1. ## definite integrals, upper limit variable

Hello

it is correct to write:

$\int^x_0 f(x)\,dx$

or i need write ?

$\int^x_0 f(t)\,dt$

why ?

The question is :
if I need a substitution of f(x) in a formula :

$f(x)=sin(x)$

$y=f(x) + \int^x_0 f(x)\,dx$

I can directly replace f(x)

otherwise :

$y=f(x) + \int^x_0 f(t)\,dt$

don't seem me elegant imho..

Thanks for the possible answers !

2. Originally Posted by Gustavis
Hello

it is correct to write:

$\int^x_0 f(x)\,dx$

or i need write ?

$\int^x_0 f(t)\,dt$ Mr F says: This is the one you want.

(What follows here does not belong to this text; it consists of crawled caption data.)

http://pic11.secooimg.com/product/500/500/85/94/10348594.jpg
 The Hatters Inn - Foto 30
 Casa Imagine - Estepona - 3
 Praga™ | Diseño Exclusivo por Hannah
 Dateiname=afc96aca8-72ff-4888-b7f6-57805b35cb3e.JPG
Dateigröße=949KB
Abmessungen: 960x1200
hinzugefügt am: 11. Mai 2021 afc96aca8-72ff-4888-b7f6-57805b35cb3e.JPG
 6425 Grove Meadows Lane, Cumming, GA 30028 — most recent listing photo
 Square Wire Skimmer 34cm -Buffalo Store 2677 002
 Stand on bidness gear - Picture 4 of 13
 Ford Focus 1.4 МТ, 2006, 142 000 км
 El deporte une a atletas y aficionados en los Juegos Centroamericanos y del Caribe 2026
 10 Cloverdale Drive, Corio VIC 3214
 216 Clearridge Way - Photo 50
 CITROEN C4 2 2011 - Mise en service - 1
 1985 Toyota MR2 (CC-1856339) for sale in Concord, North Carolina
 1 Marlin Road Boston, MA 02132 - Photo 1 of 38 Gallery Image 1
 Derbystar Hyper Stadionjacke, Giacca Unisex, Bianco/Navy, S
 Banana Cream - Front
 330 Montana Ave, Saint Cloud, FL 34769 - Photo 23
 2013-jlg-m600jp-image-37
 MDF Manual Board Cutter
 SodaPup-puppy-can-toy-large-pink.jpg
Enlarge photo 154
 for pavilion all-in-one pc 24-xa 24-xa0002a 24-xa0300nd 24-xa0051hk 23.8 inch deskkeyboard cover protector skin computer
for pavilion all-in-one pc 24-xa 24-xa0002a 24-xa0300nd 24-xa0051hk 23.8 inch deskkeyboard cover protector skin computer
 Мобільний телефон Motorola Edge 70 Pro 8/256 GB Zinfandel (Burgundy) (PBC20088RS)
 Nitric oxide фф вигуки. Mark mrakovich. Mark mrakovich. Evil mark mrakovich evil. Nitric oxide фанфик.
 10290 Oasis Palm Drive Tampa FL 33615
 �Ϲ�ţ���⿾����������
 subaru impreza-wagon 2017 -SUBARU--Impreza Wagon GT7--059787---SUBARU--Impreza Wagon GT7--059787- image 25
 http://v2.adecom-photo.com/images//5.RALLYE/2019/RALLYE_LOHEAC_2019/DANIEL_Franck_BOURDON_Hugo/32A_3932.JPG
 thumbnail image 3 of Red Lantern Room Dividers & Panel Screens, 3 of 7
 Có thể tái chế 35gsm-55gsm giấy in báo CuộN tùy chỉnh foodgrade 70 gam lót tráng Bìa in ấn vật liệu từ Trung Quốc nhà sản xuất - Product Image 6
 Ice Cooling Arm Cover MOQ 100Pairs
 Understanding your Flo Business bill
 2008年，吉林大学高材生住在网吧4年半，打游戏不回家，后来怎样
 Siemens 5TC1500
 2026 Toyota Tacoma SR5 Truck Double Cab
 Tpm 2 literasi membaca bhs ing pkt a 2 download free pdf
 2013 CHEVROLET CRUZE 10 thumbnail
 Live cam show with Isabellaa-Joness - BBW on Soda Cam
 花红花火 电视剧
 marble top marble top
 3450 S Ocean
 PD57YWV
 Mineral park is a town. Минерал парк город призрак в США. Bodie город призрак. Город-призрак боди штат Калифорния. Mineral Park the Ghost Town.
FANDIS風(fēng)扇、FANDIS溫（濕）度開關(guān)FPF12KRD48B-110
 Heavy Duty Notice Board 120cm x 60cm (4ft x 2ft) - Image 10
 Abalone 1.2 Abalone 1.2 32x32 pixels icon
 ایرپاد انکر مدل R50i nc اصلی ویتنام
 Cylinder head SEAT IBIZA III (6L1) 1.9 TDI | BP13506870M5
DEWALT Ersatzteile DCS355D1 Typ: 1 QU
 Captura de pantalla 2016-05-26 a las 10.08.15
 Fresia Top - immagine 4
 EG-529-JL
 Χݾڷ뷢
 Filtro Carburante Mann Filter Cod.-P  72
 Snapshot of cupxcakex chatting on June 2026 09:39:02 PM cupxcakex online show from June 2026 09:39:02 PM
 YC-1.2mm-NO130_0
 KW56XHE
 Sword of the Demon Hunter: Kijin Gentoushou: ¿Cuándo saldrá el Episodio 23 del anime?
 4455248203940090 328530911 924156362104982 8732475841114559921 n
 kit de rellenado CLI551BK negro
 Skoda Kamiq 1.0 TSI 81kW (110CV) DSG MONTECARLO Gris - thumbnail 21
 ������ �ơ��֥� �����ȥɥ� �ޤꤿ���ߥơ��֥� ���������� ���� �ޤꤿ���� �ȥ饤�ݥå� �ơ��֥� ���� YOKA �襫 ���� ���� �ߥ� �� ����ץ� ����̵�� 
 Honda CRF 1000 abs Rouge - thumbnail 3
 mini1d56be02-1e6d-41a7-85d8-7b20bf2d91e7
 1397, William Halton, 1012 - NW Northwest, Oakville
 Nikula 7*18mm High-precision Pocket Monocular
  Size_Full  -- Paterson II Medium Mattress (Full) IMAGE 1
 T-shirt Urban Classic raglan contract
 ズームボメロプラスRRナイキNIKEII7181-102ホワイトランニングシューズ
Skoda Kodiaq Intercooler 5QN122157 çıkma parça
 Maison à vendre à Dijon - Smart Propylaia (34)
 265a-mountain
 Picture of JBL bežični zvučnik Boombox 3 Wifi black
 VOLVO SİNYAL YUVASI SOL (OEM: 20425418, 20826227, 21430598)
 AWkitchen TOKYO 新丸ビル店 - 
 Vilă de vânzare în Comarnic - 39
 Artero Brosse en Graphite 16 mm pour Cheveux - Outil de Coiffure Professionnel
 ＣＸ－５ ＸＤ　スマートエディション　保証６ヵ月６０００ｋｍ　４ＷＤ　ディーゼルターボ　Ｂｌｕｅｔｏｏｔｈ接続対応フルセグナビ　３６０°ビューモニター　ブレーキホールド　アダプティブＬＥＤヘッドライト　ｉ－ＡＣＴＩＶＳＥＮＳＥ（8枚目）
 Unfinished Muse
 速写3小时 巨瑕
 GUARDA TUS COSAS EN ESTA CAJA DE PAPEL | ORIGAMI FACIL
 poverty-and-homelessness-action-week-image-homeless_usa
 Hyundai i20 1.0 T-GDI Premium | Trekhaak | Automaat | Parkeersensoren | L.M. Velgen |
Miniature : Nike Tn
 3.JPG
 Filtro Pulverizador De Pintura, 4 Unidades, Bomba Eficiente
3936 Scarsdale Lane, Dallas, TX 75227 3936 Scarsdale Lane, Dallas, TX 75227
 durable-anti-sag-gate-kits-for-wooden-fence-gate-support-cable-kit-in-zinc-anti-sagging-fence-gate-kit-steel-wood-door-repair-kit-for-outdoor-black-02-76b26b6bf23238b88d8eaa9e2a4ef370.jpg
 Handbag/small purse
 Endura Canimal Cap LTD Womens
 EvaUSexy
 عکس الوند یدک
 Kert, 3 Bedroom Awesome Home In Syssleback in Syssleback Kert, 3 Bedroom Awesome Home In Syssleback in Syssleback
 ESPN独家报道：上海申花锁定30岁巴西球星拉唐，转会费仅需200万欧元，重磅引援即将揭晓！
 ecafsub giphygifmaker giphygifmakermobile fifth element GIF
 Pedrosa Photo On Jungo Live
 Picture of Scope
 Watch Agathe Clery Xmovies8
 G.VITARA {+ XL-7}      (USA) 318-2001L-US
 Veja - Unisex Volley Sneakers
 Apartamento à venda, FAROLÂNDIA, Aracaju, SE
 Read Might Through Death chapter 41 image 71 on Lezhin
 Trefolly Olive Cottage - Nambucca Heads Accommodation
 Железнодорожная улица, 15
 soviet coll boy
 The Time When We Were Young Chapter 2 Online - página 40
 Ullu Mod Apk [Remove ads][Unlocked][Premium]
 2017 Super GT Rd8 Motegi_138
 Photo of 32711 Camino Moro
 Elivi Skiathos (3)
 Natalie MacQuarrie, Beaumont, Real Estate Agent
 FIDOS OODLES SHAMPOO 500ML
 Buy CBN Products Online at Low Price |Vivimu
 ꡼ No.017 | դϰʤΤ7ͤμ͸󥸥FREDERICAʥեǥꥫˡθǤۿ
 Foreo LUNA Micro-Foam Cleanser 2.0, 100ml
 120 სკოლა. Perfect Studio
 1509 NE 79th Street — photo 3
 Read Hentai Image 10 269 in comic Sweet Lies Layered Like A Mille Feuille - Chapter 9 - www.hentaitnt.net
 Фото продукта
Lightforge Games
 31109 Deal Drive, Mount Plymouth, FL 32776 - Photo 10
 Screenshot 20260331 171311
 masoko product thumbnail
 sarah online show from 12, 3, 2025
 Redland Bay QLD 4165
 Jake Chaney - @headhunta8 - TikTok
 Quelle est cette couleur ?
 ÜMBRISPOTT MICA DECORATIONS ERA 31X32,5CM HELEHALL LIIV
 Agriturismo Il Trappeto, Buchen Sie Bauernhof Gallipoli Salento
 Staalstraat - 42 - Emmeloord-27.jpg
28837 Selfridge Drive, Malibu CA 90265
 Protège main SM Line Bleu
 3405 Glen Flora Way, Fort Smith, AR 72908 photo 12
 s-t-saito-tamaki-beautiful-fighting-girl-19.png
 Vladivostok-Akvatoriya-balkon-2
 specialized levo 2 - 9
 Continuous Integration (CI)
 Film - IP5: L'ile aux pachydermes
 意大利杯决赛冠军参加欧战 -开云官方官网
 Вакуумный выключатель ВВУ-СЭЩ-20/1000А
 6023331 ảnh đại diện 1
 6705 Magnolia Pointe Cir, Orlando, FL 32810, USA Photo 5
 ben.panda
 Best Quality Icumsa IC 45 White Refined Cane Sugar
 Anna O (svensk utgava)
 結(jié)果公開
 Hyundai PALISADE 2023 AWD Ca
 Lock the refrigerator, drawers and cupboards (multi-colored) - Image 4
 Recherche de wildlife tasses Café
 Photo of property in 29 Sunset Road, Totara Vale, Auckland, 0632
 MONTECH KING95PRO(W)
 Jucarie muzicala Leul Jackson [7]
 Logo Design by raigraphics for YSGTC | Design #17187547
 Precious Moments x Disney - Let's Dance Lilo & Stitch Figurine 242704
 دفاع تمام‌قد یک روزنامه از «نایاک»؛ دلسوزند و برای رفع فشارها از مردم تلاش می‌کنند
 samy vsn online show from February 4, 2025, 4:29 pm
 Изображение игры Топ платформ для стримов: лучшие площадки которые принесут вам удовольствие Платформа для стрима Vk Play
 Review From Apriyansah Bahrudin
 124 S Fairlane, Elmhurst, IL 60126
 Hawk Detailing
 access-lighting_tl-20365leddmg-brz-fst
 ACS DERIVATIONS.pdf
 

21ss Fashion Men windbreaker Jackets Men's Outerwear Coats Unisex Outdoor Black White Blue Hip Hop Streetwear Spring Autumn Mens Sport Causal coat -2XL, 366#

why ? Mr F says: Let me re-write your two choices and then you tell me which one doesn't make sense:

${\color{red}\int^{x = x}_{x = 0} f(x)\,dx}$

${\color{red}\int^{t = x}_{t = 0} f(t)\,dt}$

The question is :
if I need a substitution of f(x) in a formula :

$f(x)=sin(x)$

$y=f(x) + \int^x_0 f(x)\,dx$

I can directly replace f(x)

otherwise :

$y=f(x) + \int^x_0 f(t)\,dt$

don't seem me elegant imho..

Thanks for the possible answers !
..

3. Originally Posted by Gustavis
Hello

it is correct to write:

$\int^x_0 f(x)\,dx$

or i need write ?

$\int^x_0 f(t)\,dt$
As Mr. Fantastic indicatses, the second is far less confusing. In the first, you would have to recognize that you are using "x" to mean two different things- and that's never a good idea.

why ?

The question is :
if I need a substitution of f(x) in a formula :

$f(x)=sin(x)$

$y=f(x) + \int^x_0 f(x)\,dx$

I can directly replace f(x)

otherwise :

$y=f(x) + \int^x_0 f(t)\,dt$

don't seem me elegant imho..

Thanks for the possible answers !
Would you say that,, when x= 1, $y(1)= f(1)+ \int_0^1 f(1)d1$? That doesn't even make sense: there is no such thing as "d1"! If you write instead $y(1)= f(1)+\int_0^1 f(x)dx$ then you are recognizing that the "x" outside the integral and in the upper limit is NOT the same as the "x" inside the integral- and so you shouldn't use the same symbol!
Far better to write $y(x)= f(x)+ \int_0^x f(t)dt$ so that when x= 1, $y(1)= f(1)+ \int_0^1 f(t)dt$